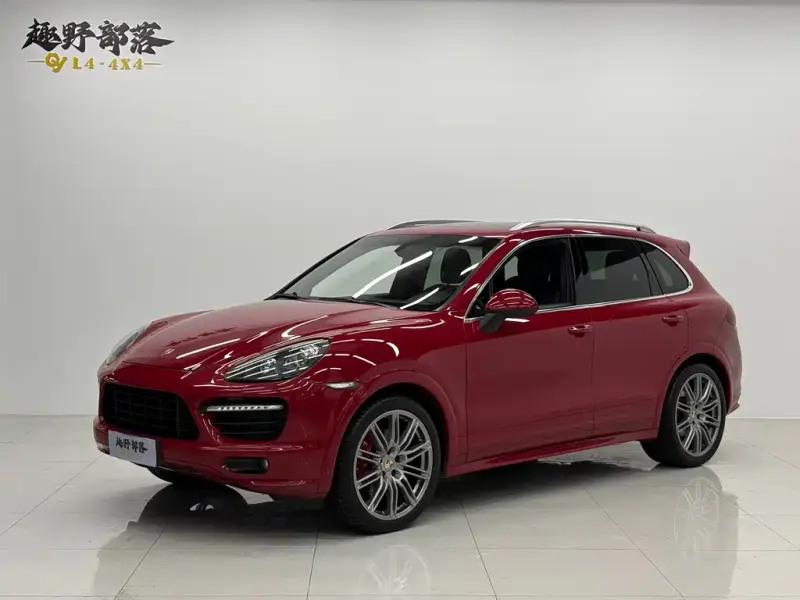 Porsche Cayenne, 2013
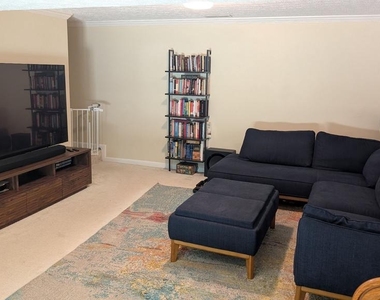 5264 Sudberry Lane - Photo Thumbnail 9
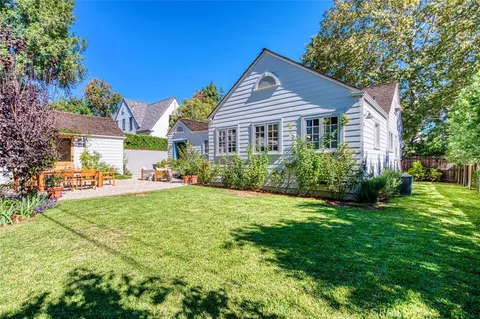 a view of a back yard of the house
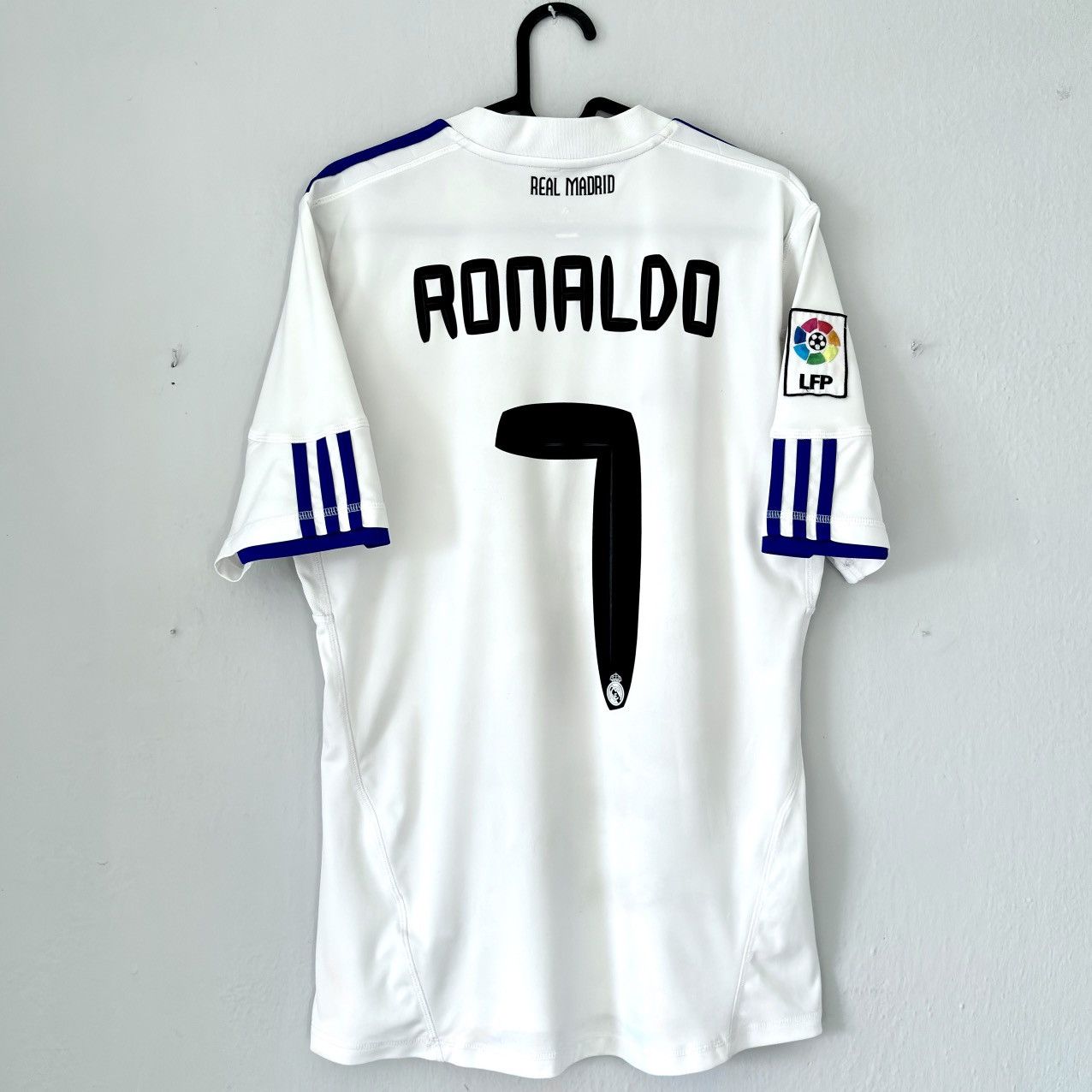 Adidas × Vintage 2010 2011 Real Madrid Ronaldo Adidas Home Kit Soccer Jersey Size US S / EU 44-46 / 1 - 10 Thumbnail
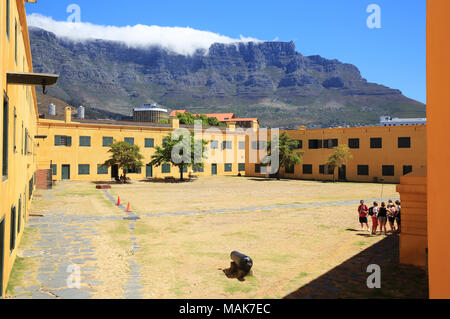 Innenhof im Schloss der Guten Hoffnung, eine Bastion fort, die von der Niederländischen Ostindien-Kompanie zwischen 1666 und 1679 erbaut, in Kapstadt, Südafrika Stockfoto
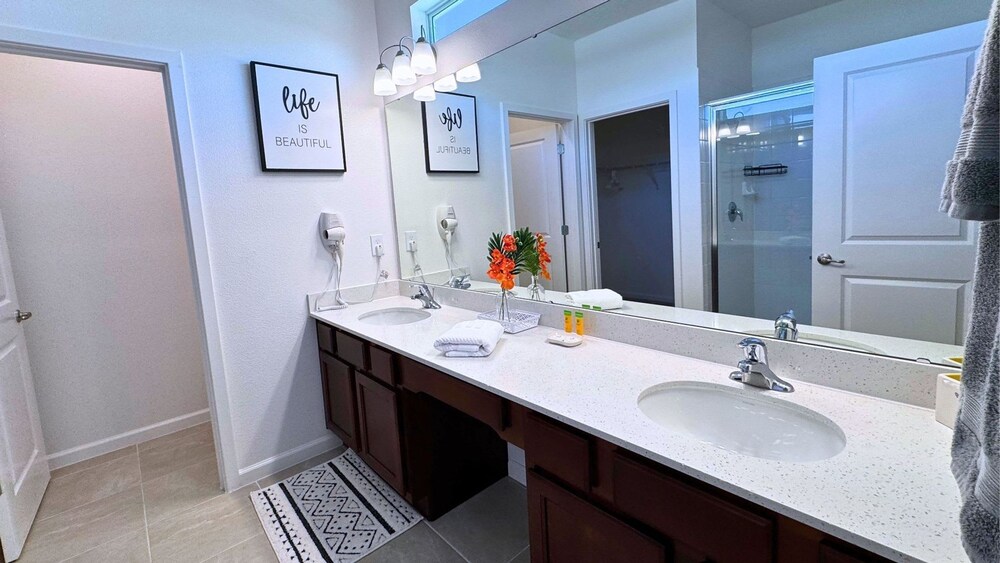 Family Friendly 12bd w Jacuzzi Veranda Palms 4401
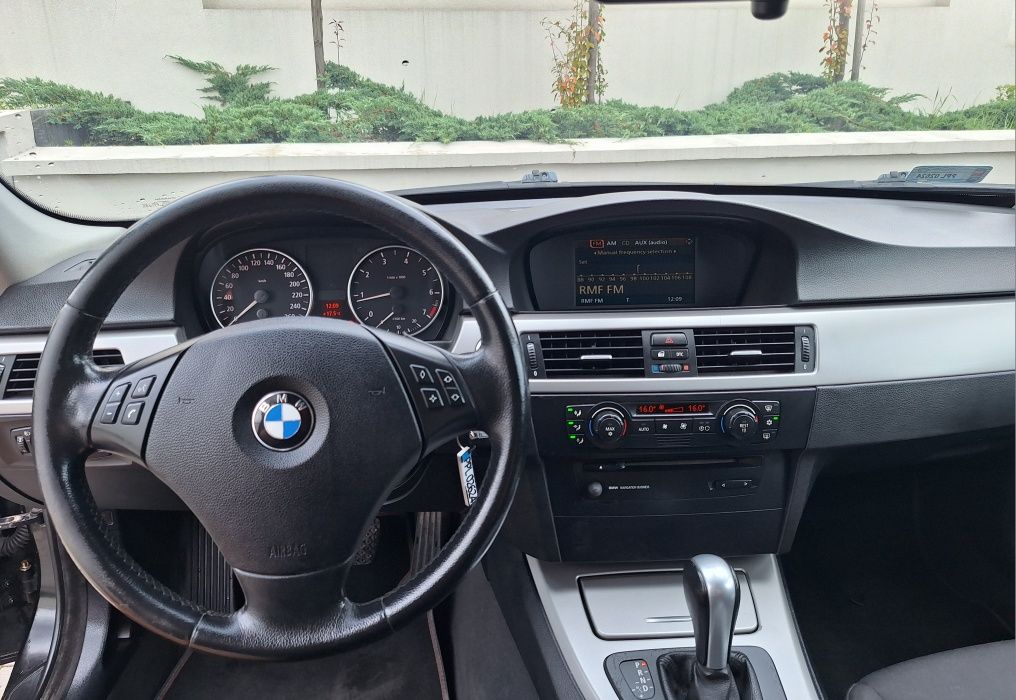 Bmw e90 2.0 Benzyna 150km* Navi* Automat* climatronik* wielofunkcja*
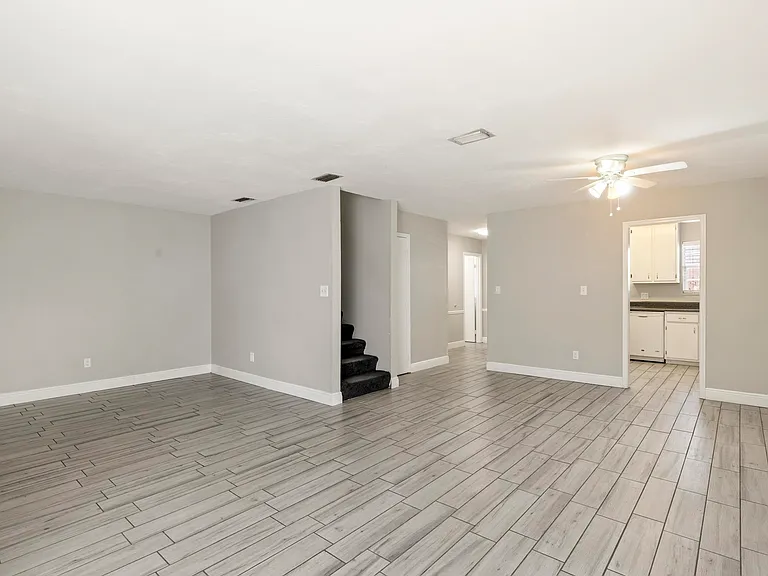 2387 Gregory Dr #-- — Photo 12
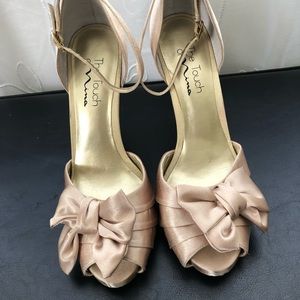 Beautiful silky shoes 👠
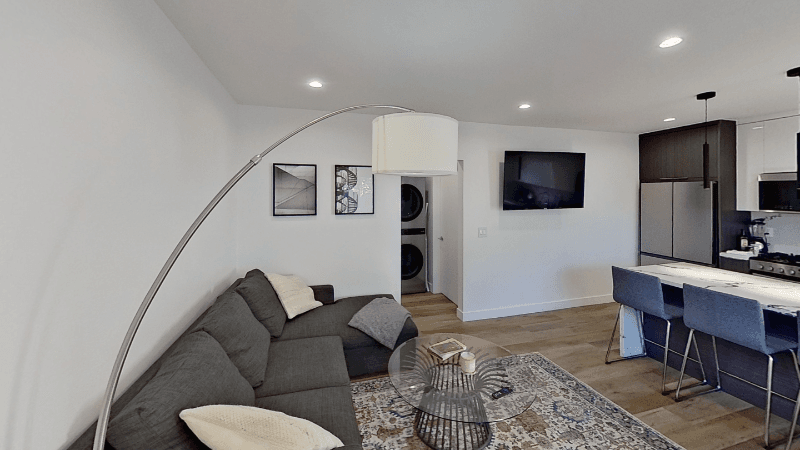 NORTH HOLLYWOOD Multiplex: 10863 KLING ST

★ ★ ★ ★

*Exercise*:
From the line containing "Family Friendly 12bd" through the last line of the records above, reproduce every line exactly, leaving out the pictures.

*Result for this exercise*:
 Family Friendly 12bd w Jacuzzi Veranda Palms 4401
 Bmw e90 2.0 Benzyna 150km* Navi* Automat* climatronik* wielofunkcja*
 2387 Gregory Dr #-- — Photo 12
 Beautiful silky shoes 👠
 NORTH HOLLYWOOD Multiplex: 10863 KLING ST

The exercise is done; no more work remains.